Just to provide a rough estimate of the taxes we're talking about, here's what you'd have to pay at YVR (which obviously neither QR or EK fly to, but these numbers and policies should be fairly representative for YUL as well, in addition to plenty of other European jurisdictions).
A bottle of 2013 Dom Perignon costs $240 wholesale, of which $115 is from various liquor taxes (an airline wouldn't pay any net sales tax).
A bottle of Moet Brut costs $59, with $29 of that being liquor tax.
You're paying an additional $15 or so in taxes per 125mL serving (in addition to the increased cost of the more expensive product)
I think what's more important than the taxes, is that you also need to actually buy the product from the local government monopoly. You can't just open a bottle that was bought elsewhere and wire the tax payment somewhere. A government liquor monopoly generally does not allow discounting product or having different prices for different customers.
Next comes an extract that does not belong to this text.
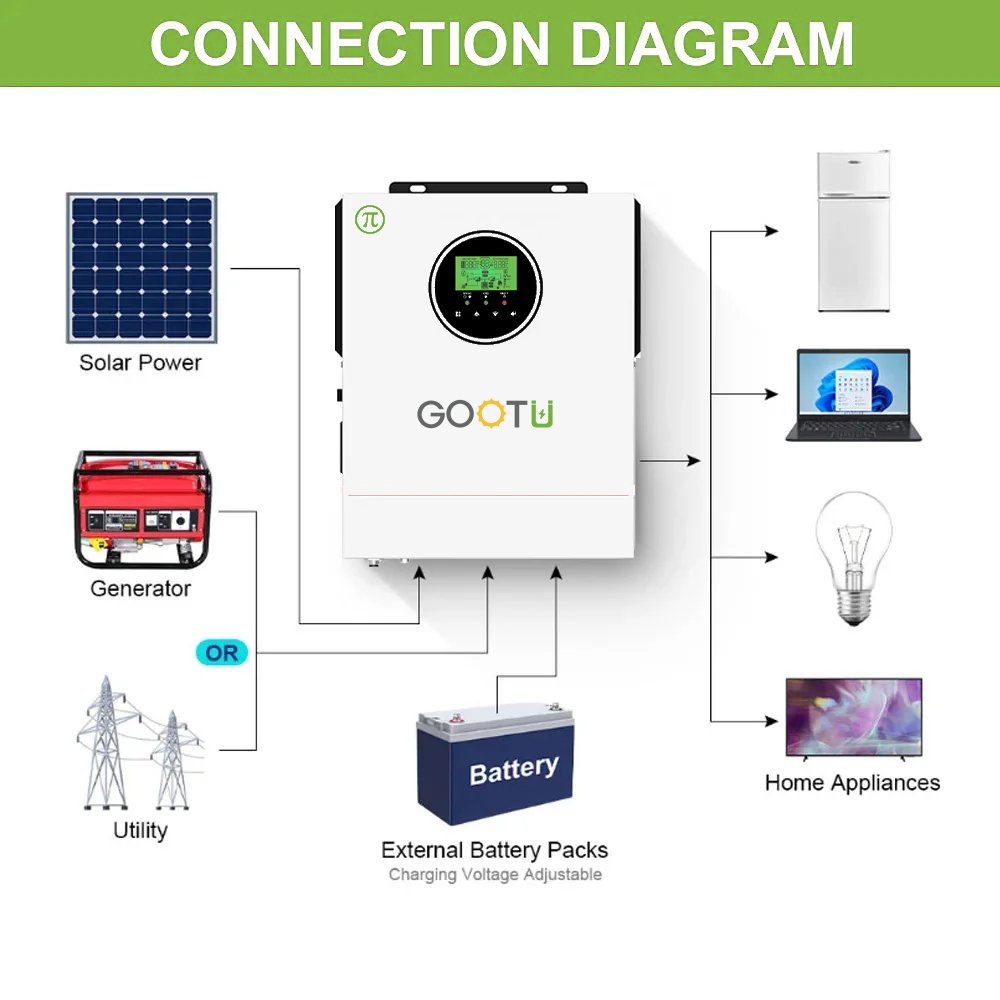 GOOTU 1KW 1.5KW 2KW Off Grid 12V 24V Solar Power Pure Sine Wave Solar Inverter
LVMH gets $125 for every bottle of DP sold in BC, but given how the luxury goods market works, I'd be surprised if product to be consumed in flight in first class isn't supplied for free as part of a larger promotional agreement between EK and LVMH.
So your pre departure Moet costs the airline $10 per passenger (whereas a pre departure DP would cost $40 per passenger), and that's almost certainly the drink with the highest cost to the airline of the whole flight.